• Requirement
Repeat each line of the data below exactly, but skip the pictures.

• Recorded data
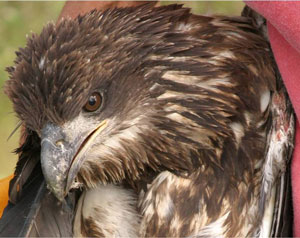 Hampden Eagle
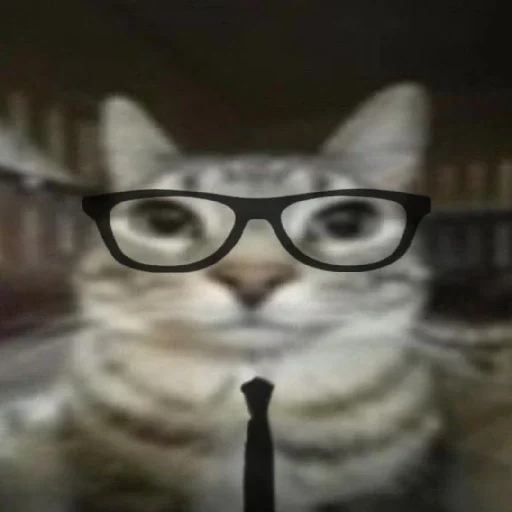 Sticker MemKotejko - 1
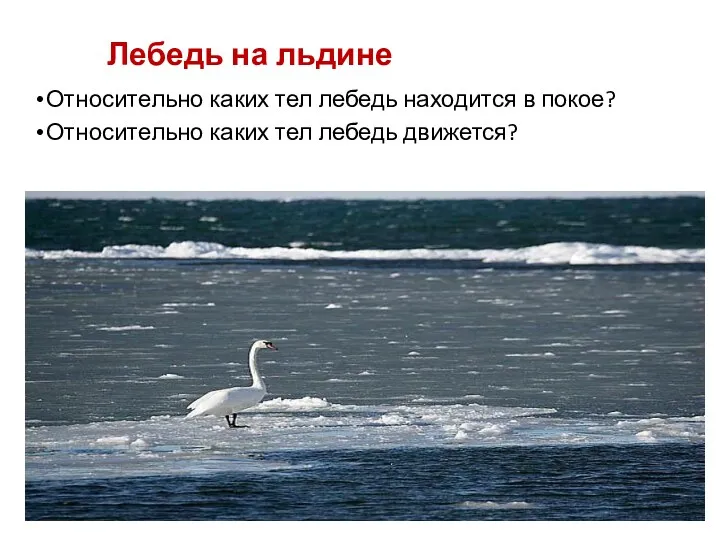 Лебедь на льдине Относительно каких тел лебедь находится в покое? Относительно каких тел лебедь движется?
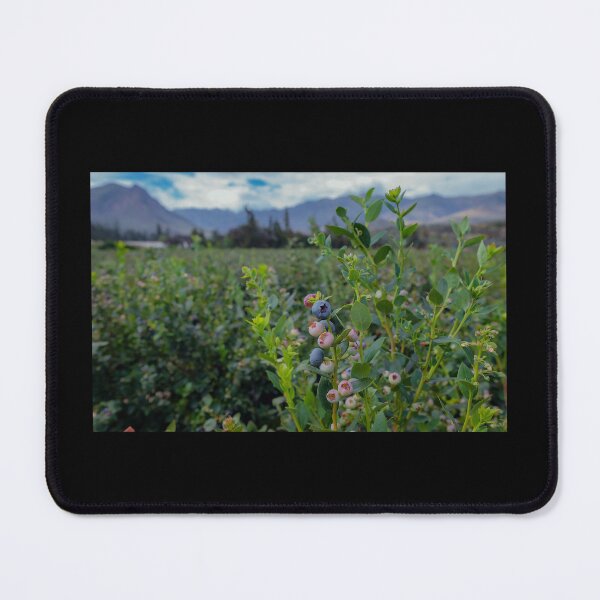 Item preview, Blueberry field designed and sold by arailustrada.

• Task response
 Hampden Eagle
 Sticker MemKotejko - 1
 Лебедь на льдине Относительно каких тел лебедь находится в покое? Относительно каких тел лебедь движется?
 Item preview, Blueberry field designed and sold by arailustrada.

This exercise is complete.